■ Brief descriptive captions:
= Beginning of Section =
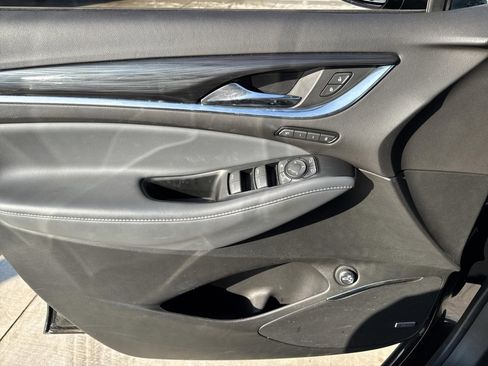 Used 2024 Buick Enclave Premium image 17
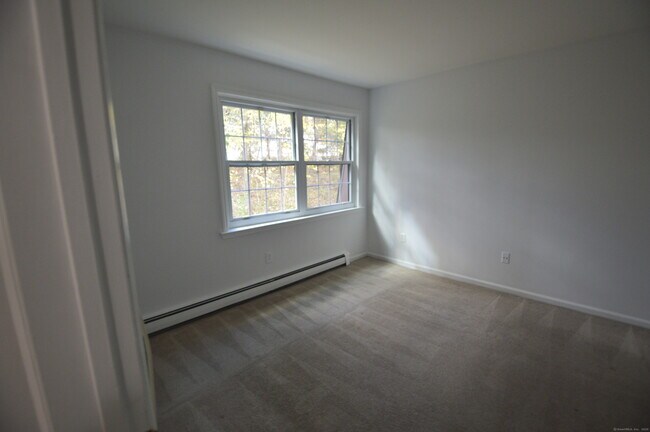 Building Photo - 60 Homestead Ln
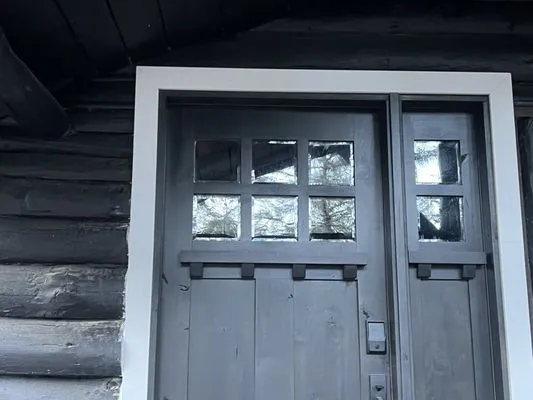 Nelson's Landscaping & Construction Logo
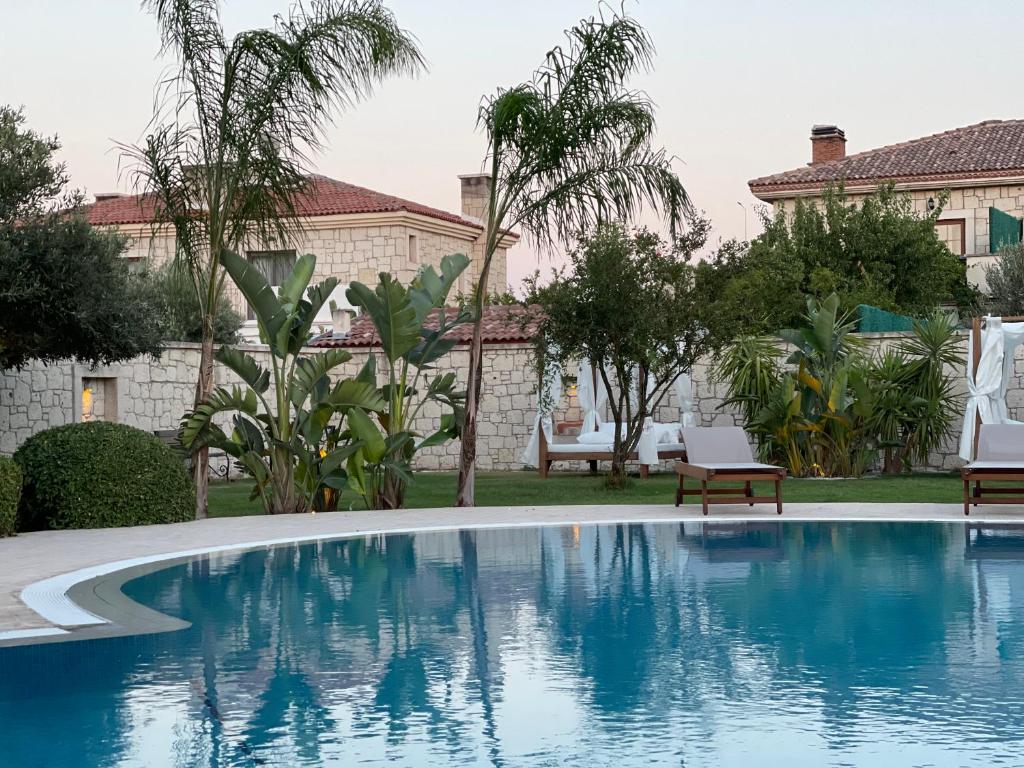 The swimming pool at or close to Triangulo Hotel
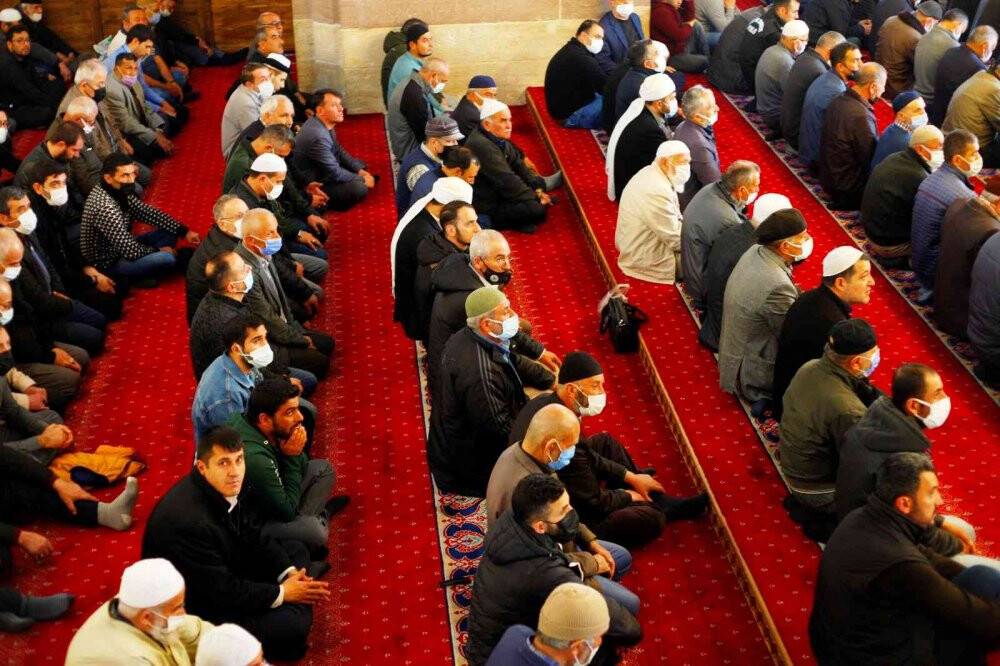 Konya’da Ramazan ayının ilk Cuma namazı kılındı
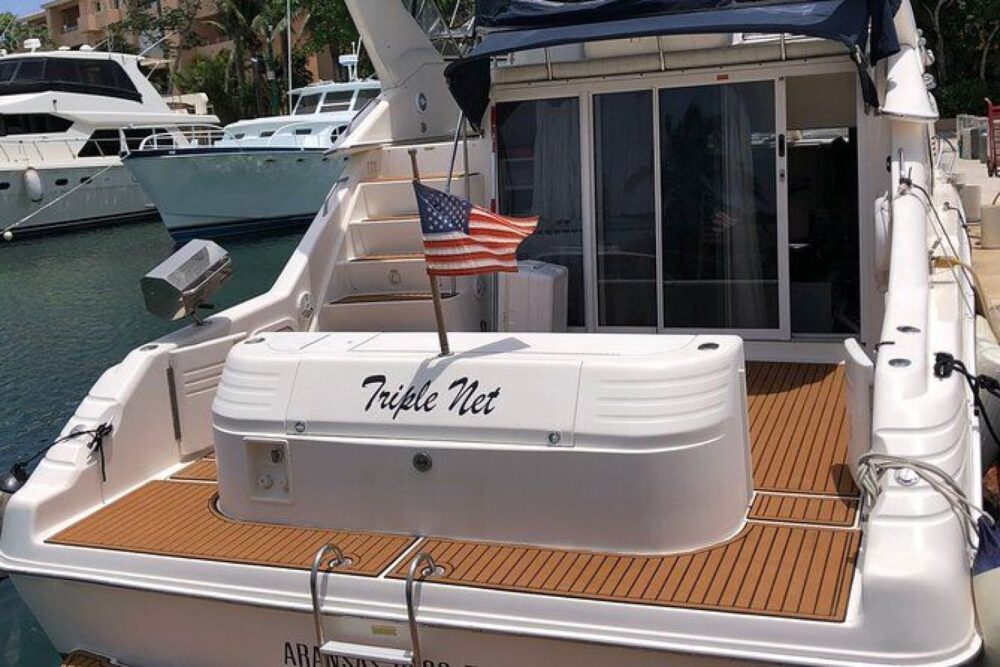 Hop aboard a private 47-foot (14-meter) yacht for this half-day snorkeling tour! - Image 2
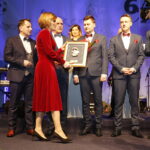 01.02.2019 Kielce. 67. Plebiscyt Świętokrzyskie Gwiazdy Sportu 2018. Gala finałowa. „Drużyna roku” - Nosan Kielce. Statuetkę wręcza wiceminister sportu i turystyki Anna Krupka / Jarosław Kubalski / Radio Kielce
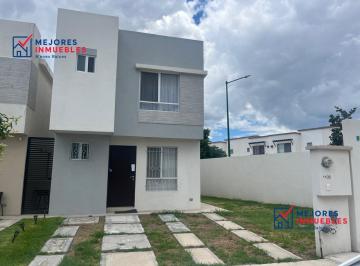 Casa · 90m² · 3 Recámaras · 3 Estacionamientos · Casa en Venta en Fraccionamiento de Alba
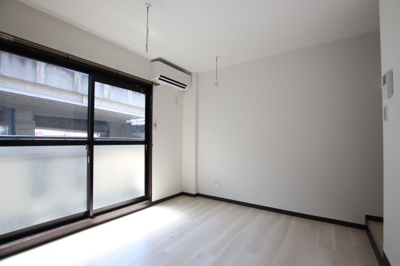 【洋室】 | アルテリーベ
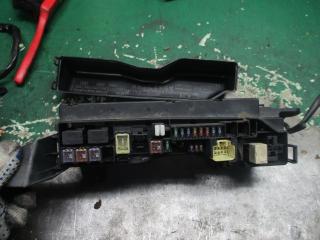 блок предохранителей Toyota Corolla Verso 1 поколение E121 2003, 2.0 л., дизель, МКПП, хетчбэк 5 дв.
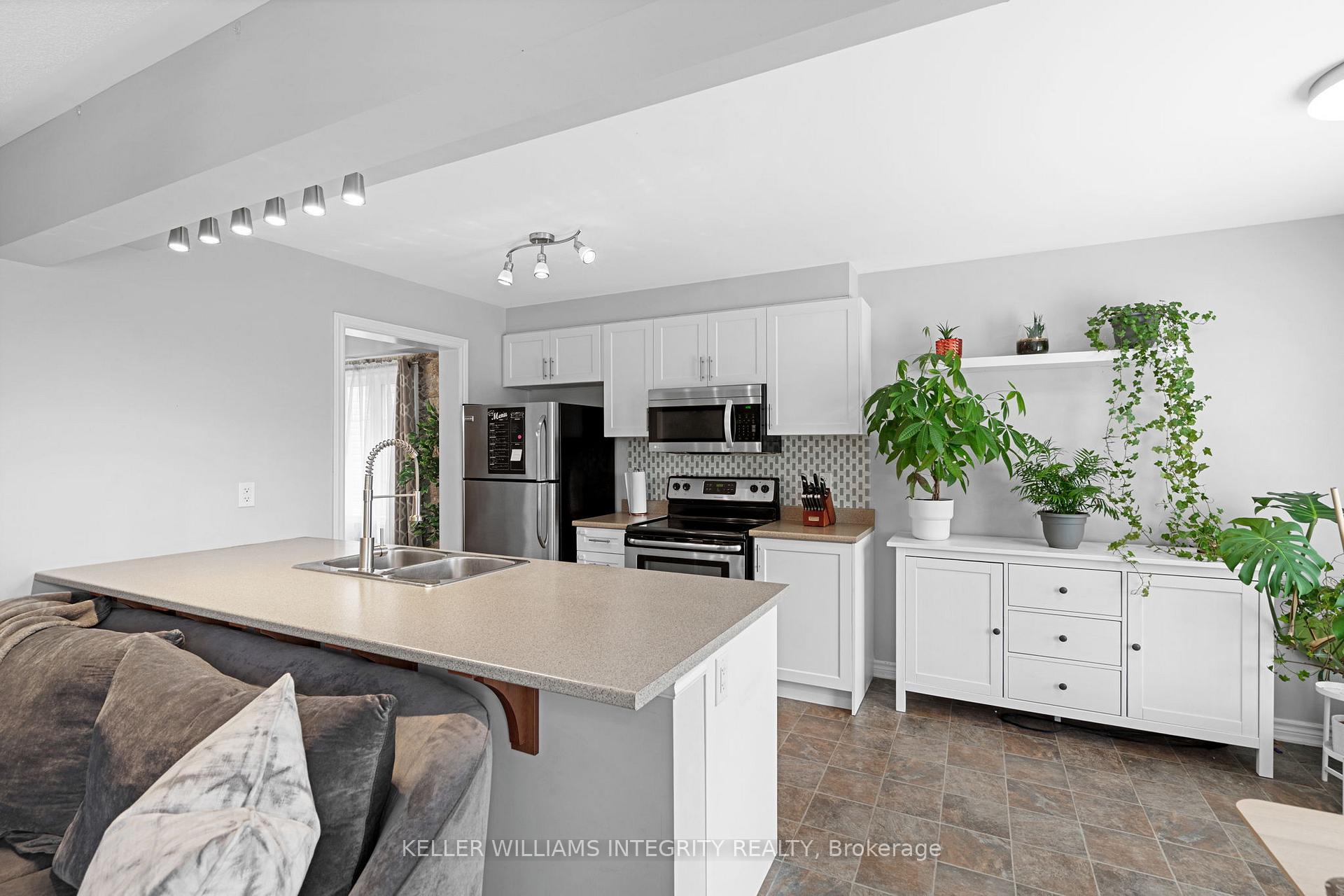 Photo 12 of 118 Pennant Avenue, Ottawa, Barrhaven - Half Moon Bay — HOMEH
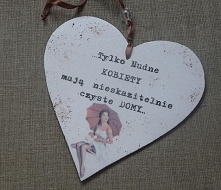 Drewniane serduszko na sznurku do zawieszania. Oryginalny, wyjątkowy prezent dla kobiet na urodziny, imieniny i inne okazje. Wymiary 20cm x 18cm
= End of Section =
■ ABOUT THIS EXERCISE: The output must match the records word for word, except that no pictures appear.

■ ANSWER FOR THE TASK:
 Used 2024 Buick Enclave Premium image 17
 Building Photo - 60 Homestead Ln
 Nelson's Landscaping & Construction Logo
 The swimming pool at or close to Triangulo Hotel
 Konya’da Ramazan ayının ilk Cuma namazı kılındı
 Hop aboard a private 47-foot (14-meter) yacht for this half-day snorkeling tour! - Image 2
 01.02.2019 Kielce. 67. Plebiscyt Świętokrzyskie Gwiazdy Sportu 2018. Gala finałowa. „Drużyna roku” - Nosan Kielce. Statuetkę wręcza wiceminister sportu i turystyki Anna Krupka / Jarosław Kubalski / Radio Kielce
 Casa · 90m² · 3 Recámaras · 3 Estacionamientos · Casa en Venta en Fraccionamiento de Alba
 【洋室】 | アルテリーベ
 блок предохранителей Toyota Corolla Verso 1 поколение E121 2003, 2.0 л., дизель, МКПП, хетчбэк 5 дв.
 Photo 12 of 118 Pennant Avenue, Ottawa, Barrhaven - Half Moon Bay — HOMEH
 Drewniane serduszko na sznurku do zawieszania. Oryginalny, wyjątkowy prezent dla kobiet na urodziny, imieniny i inne okazje. Wymiary 20cm x 18cm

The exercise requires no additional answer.